After social, e-commerce, group-buying, and the like, venture capitalists had new categories of tech startups to chase in China in 2013.
The new hot verticals are online education, online finance, travel, among others. Mobile, of course, counts. But the businesses on mobile that have been funded are pretty similar those proven ones on desktop; for instance, gaming, advertising, and solutions for developers or enterprises.
While big Chinese Internet companies poured a ton of money into acquisitions and investments, this year was more about complementing their core businesses or strategies. Chinese venture capitalists are on the lookout for new markets or games changers.
There is a revolution in education underway in China — moving to private education and moving online. A wave of education startups raised fundings in the first half of 2013. Some of them, such as 51Talk raised big money in 2013. 51Talk’s take was a $12 million Series B round later in the year.
What’s perceived as good education in China, especially among Chinese young parents, is pretty much about good schools, from kindergarten to universities overseas. The business opportunities entrepreneurs see are in K-12 and preparing kids for studying abroad. Gong Haiyan, founder of dating site Jiayuan, decided to enter the education market starting with an online English-learning site but shifted to a K-12 e-learning platform.
Others that have been funded include education app developers and services with Western models in online education. As for online teaching platform, it seems this trend will continue to flourish in 2014.
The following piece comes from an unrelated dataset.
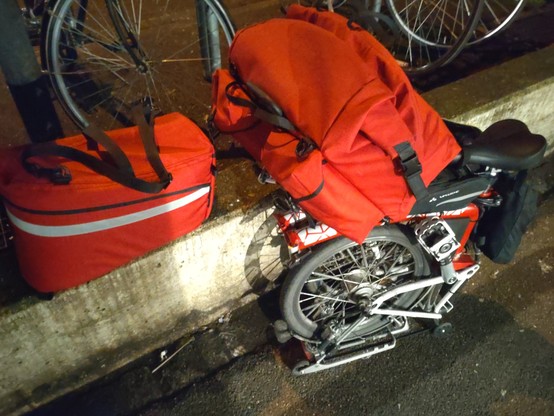 A folded red-white Brompton folding bicycle with white reflective mosaic stickers on the frame and a filled red frontbag mounted. A red, Brompton specific rear rack bag with a white reflective stripe all around it is standing on a low concrete wall left of the bike. Picture shot without flash. Colors are more realistic in this picture.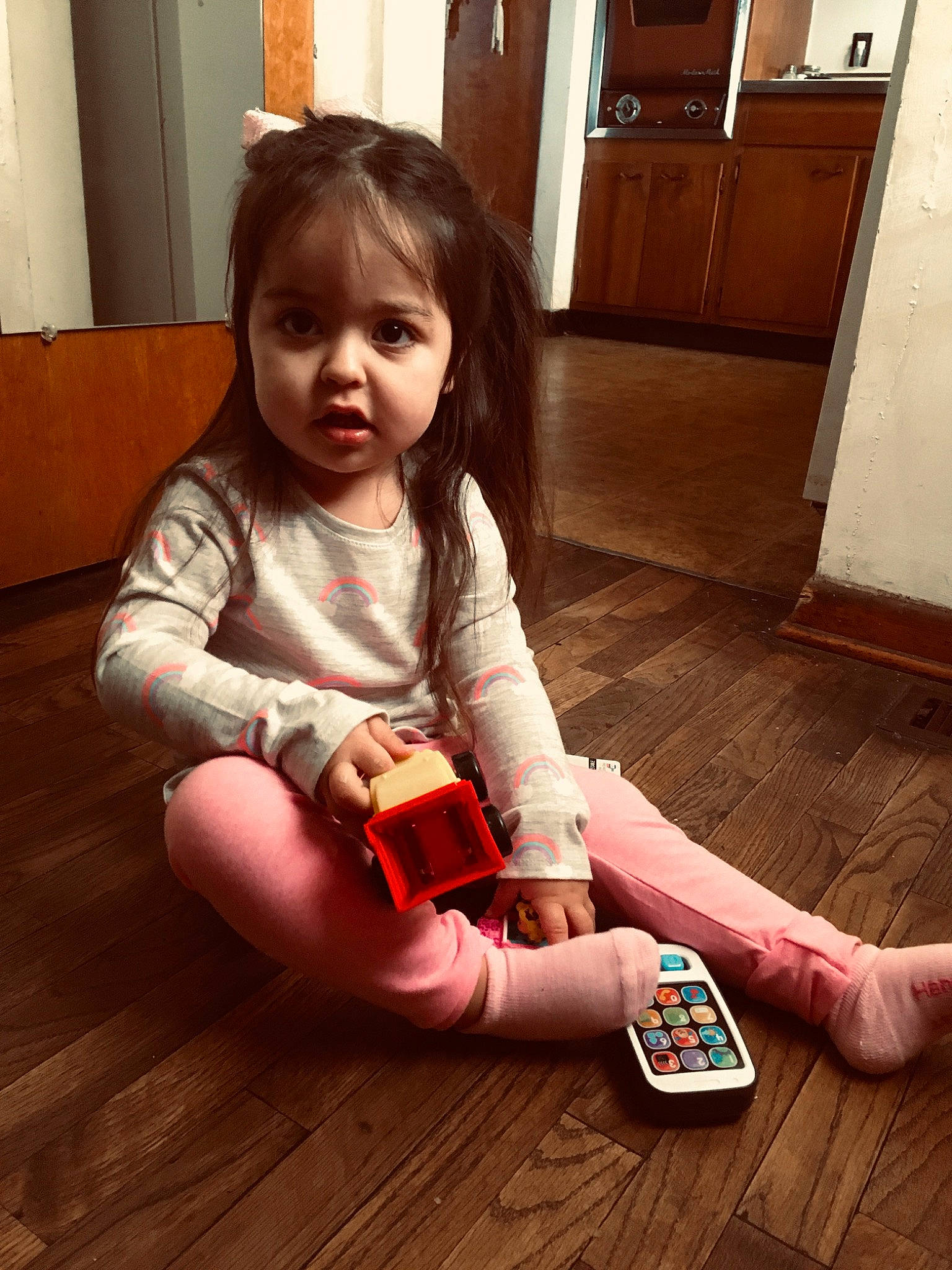 Kianna is registered to the contest to win money with this photo: child, floor, flooring, person, play, sitting, toddler, wood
Big names like Sequoia China and IDG Capital Partners laid eyes on Internet-based finance early on. In 2013, VCs showed interest in personal finance apps (Wacai, Tongbanjie), credit card management apps (Kaniu, 51zhangdan), online financial product aggregation & search (Rong360, 91jinrong), and financial social media (Snowball Finance), among others.
One example is Bitcoin Trading Platform BTC China, which raised $5 million this past year.
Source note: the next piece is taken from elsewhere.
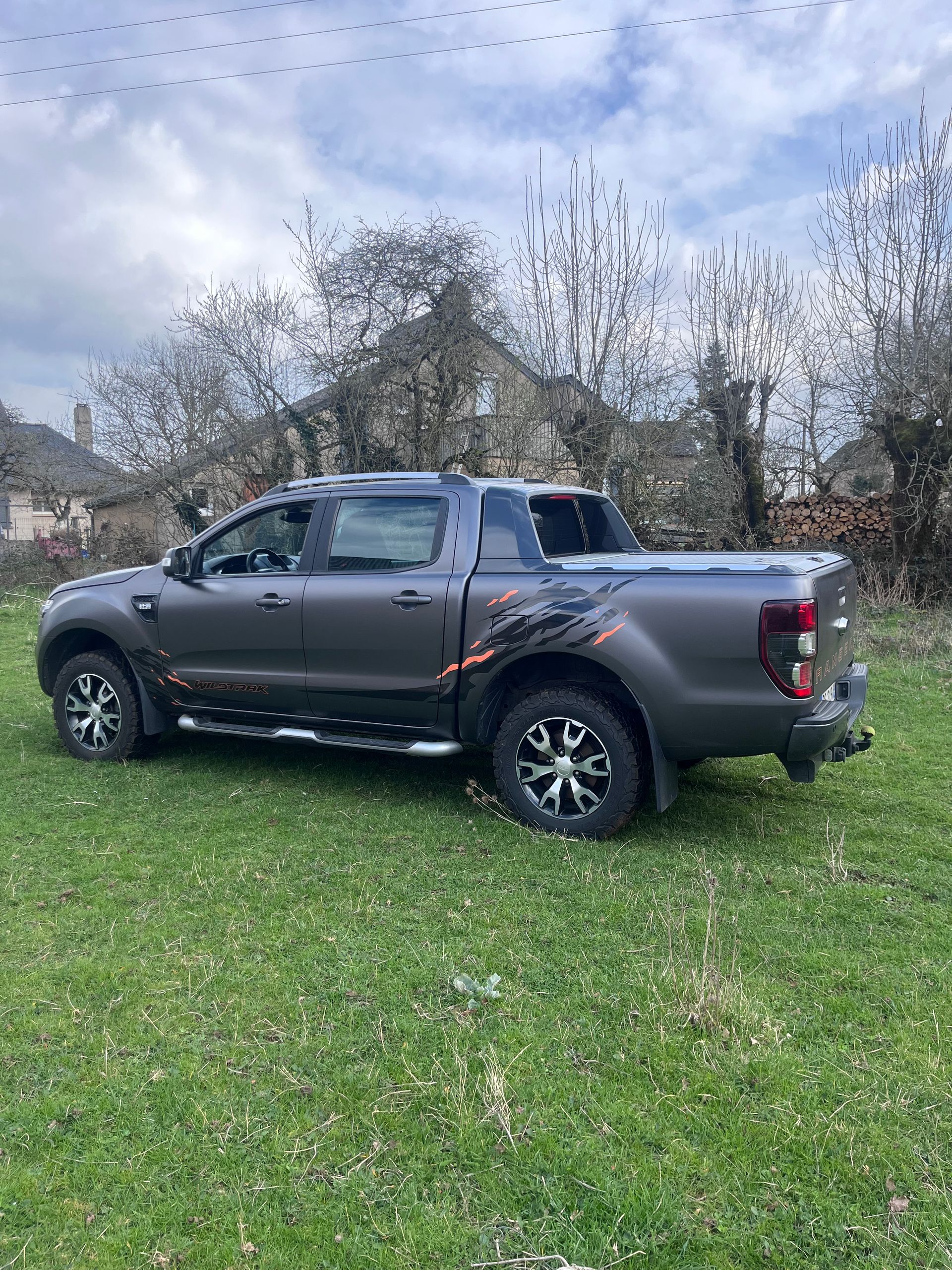 Un pick-up gris foncé est garé sur un terrain herbeux, devant des arbres dénudés et un bâtiment.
Developer-facing services pocketed a lot of funding in this year. That includes mobile data analysis (TalkingData raised a Series A round, while its direct competitor Umeng was acquired by Alibaba), mobile advertising (Youmi announced RMB100 million in new financing), mobile app security (Bangcle raised a Series B), SDK/API developers (social sharing SDK seveloper ShareSDK, voice recognition service Yunzhisheng, Face recognition solution Face++, indoor map Palmap+), and mobile payment (Mobile game payment service Mo9).
As game developers found that it wasn’t so hard to make money from mobile games, it’s no wonder there were so many acquisitions and investments in this sector. Mobile game developer Chukong raised $50 million in a Series D; Game publisher Yodo1 raised $11 million in a Series B; HTML5 game developer UZwan received a Series A; Ejoy secured 100 million Yuan financing; and mobile social game developer Hortor Soft raised a Series A.
Crazy buys in both mobile gaming and web-based gaming include Zhongqingbao, which acquired stakes in two mobile game companies for 440 million Yuan.
It is believed that there’s still a big opportunity in travel markets in and outside China. Startups that have received funds in this year include B2B tourism service 8trip, outbound tourism service Shijiebang, social travel service Mafengwo, travel guide service Tuniu, and hotel app Economy Hotel Manager.
Online to offline lifestyle services
Funded startups in this category are working on housekeeping (Ayibang), online food ordering (Etaoshi, Ele.me), food delivery (Daojia), movie tickets and info (Gewara, Mtime), pet owners (Petta), weddings (591wed), and maternal needs (Spice Moms).